Ümit ve Habip yoldaşlar, örneğin Kürt hareketinin teslimiyeti önceleyen süreçteki gidişatı konusunda parti basınında döne döne yazdılar, bunlar genellikle kendi imzalarıyla yayınlandı. Bu yazılarda çok özel noktalar, parti olarak bizim çok da görüş beyan etmeyeceğimiz, etmek zorunda olmadığımız özel ya da özgün sorunlar da vardı. Ama bu bir parti için bir kusur değil yalnızca düşünsel bir zenginliktir, her zaman soruna böyle baktık ve bundan da her zaman kazançlı çıktık. Kendileriyle ilgili değerlendirmede de ifade edildiği gibi, Habipler ve Ümitler, işte bizim bu özgür ve verimli toprağımızda yetiştiler.

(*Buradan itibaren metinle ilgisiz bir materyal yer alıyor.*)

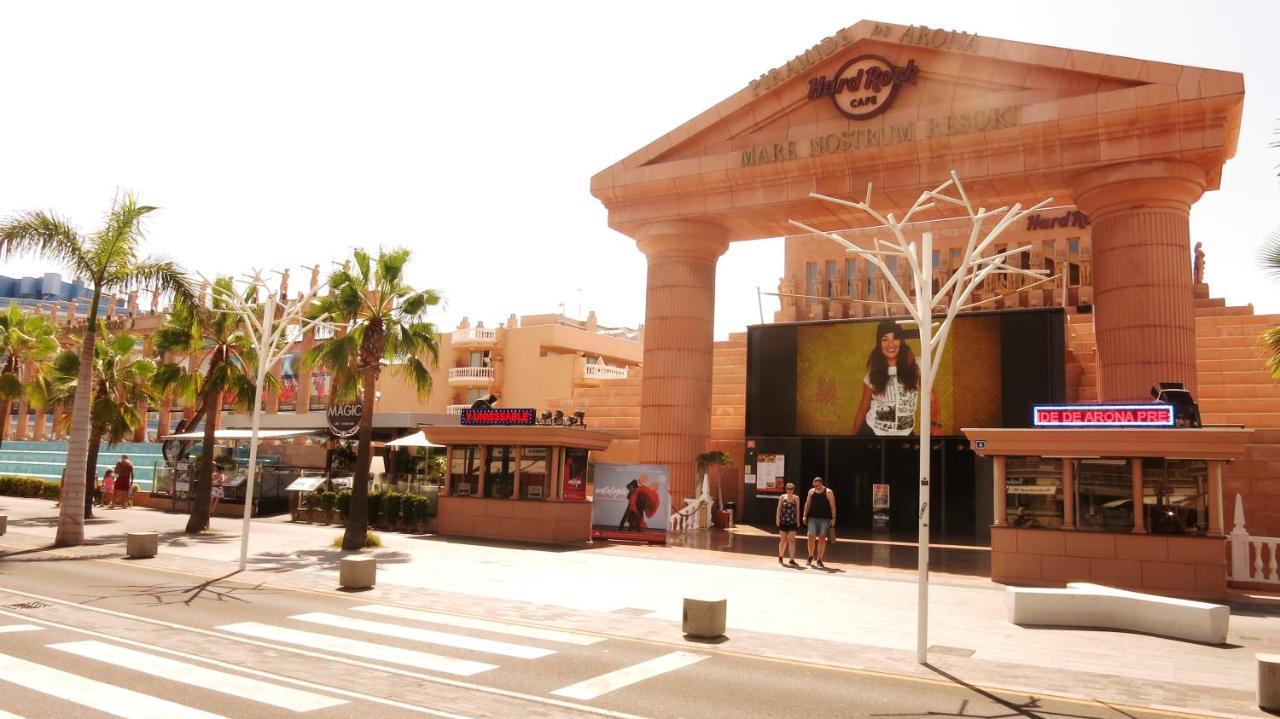 El Bobo Beach Playa Feñabe Kültér fotó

Bu türden metinlerin yayınlanmasından ne gibi durumlarda kaçınabiliriz? Bunun partimizin çıkarlarını o an zedeleme riski taşıdığı durumlarda. Örneğin bir sol siyasal akıma karşı ağır bir değerlendirmeyi, bu özünde doğru olsa bile, kimi durumlarda yayınlamaktan geri durabiliriz. Bunun kamoyu önünde şimdilik böyle ortaya konulmasının sırası değil deriz, ilgili yoldaşın rızasını da olanaklıysa alır, bu tür bir metni yayınlamaktan kaçınırız, sorunun daha farklı yönlerini önplana çıkarmak yoluna gideriz. Bu, bir parti üyesinin görüşlerine ambargo koymak değil, fakat yalnızca devrimci mücadelenin ve partinin politik çıkarlarını gözetmenin getirdiği bir hassasiyet, bununla bağlantılı bir geçici davranıştır.

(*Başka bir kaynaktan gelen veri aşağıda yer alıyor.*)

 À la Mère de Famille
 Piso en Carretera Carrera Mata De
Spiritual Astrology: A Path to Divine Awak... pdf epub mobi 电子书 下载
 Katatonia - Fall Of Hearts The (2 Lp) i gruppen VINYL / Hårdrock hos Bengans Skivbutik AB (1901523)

Sınıfı nasıl kazanacağız, gençlik içerisinde yeniden sağlam devrimci mevziler nasıl yaratacağız, kamu çalışanları hareketi reformizm tarafından yıkıma sürükleniyor, buna nasıl müdahale edeceğiz vb., vb. Bunların tümünü doğrudan parti basınında tartışmanın bir partiye kaybettireceği hiçbir şey yoktur, tam tersine. Elbette bu tür tartışmalarda arada yanlış, kusurlu, eksik ya da fazla şeyler söylenir. Ama bunu sakıncalarını gidermenin bir güçlüğü de yoktur. Nihayetinde, örneğin konuya ilişkin temel bir başyazı ya da orta sayfa yazılır, bunlar giderilir, konu toparlanır, parti politikasının aldığı kesin ve bağlayıcı biçim formüle edilir. Ama işte isabetli, amaca uygun anlamlı ve verimli bir sonuca varılması da, tam da o özgür ve zengin tartışmalar sayesinde olanaklı olur zaten.

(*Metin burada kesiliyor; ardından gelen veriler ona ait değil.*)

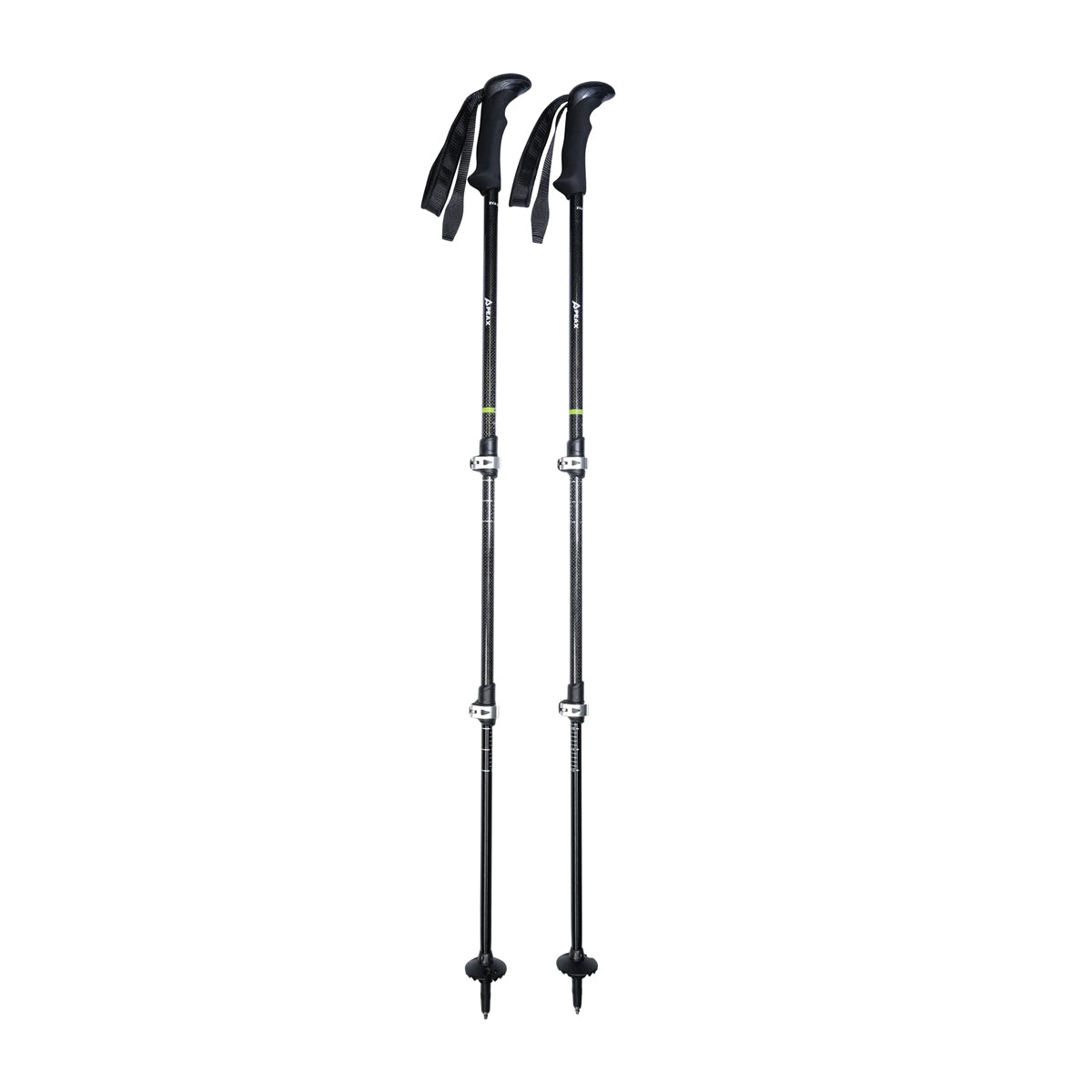 PEAX Equipment Backcountry PRO Trekking Poles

Burada, parti bünyesinde politika üretmeye yönelik bu tür tartışmalarda, hep sağlıklı bir politik kaygı vardır. Örneğin sınıfa yönelik çalışma nasıl geliştirilip güçlendirilecektir, tartışmadaki ana kaygı budur; çözülmek, isabetli bir sonuca bağlanmak istenen sorun budur. Bu tür bir tartışma içerisinde çok anlamlı olmayan şeyler de söylenebilir kuşkusuz, ama bunun bir sakıncası yok, bunu özgür ve zengin bir tartışmadan elde edilecek verimin yan sonuçları saymak gerekir. Diğer türlü, politika üretme sorununu parti içinde çok dar bir yönetici elit kadronun işi durumuna indirgemiş olursunuz ki, bu bir partiyi yalnızca zayıflatır.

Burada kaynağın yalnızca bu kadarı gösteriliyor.